*What needs to be done*.
Print the listing exactly as it stands, and skip any pictures in it.

*Provided material*.
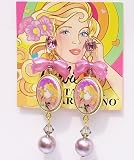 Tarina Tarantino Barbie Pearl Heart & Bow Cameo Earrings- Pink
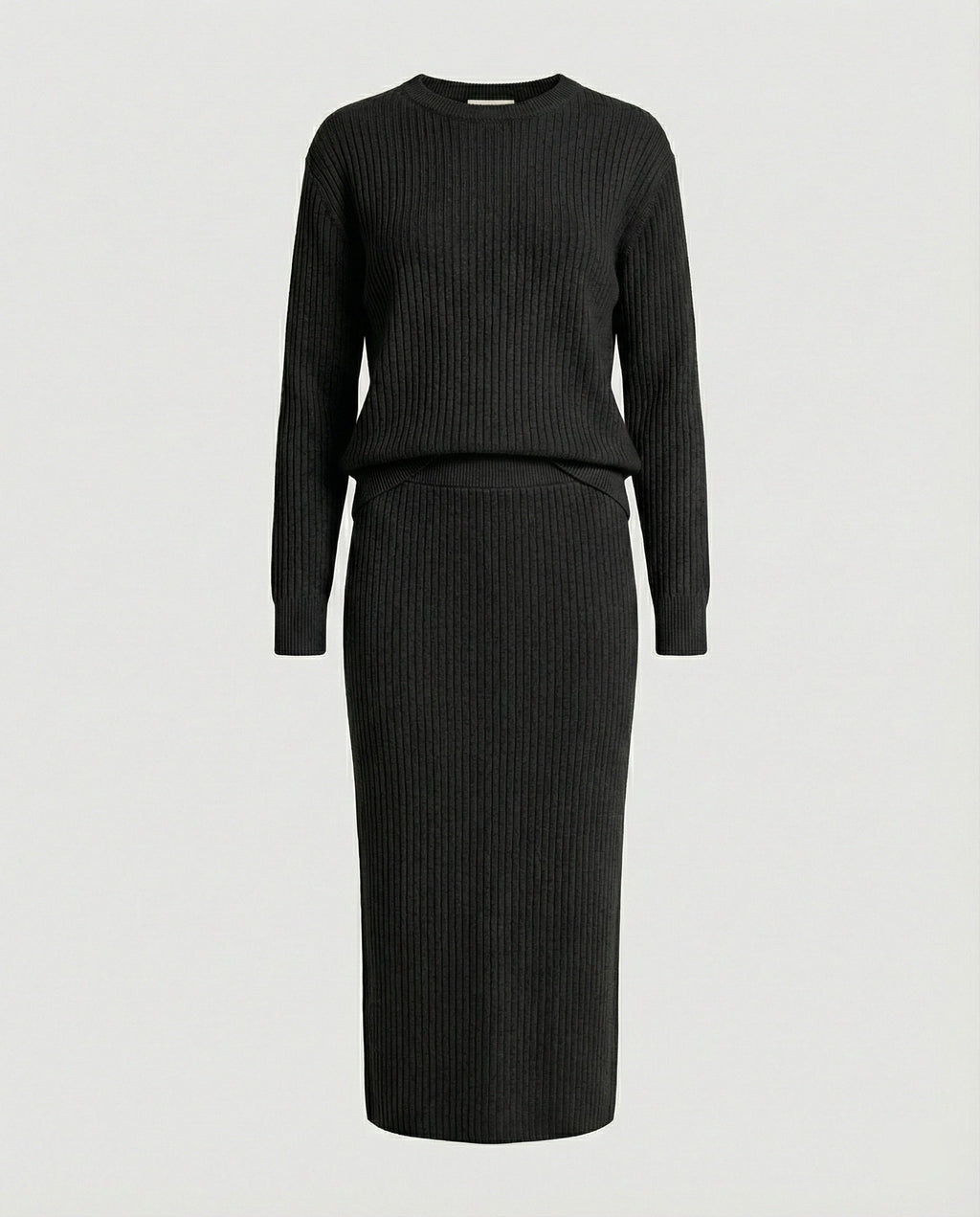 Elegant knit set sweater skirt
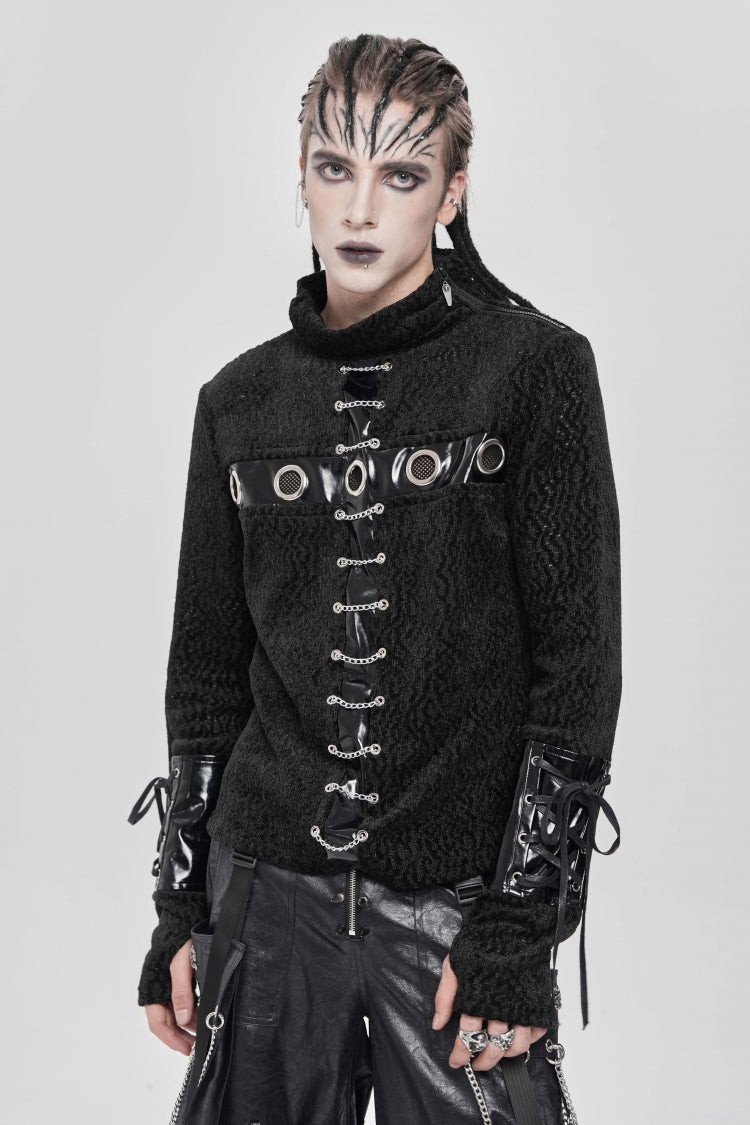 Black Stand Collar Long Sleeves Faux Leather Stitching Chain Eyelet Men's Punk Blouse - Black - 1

*Result*.
 Tarina Tarantino Barbie Pearl Heart & Bow Cameo Earrings- Pink
 Elegant knit set sweater skirt
 Black Stand Collar Long Sleeves Faux Leather Stitching Chain Eyelet Men's Punk Blouse - Black - 1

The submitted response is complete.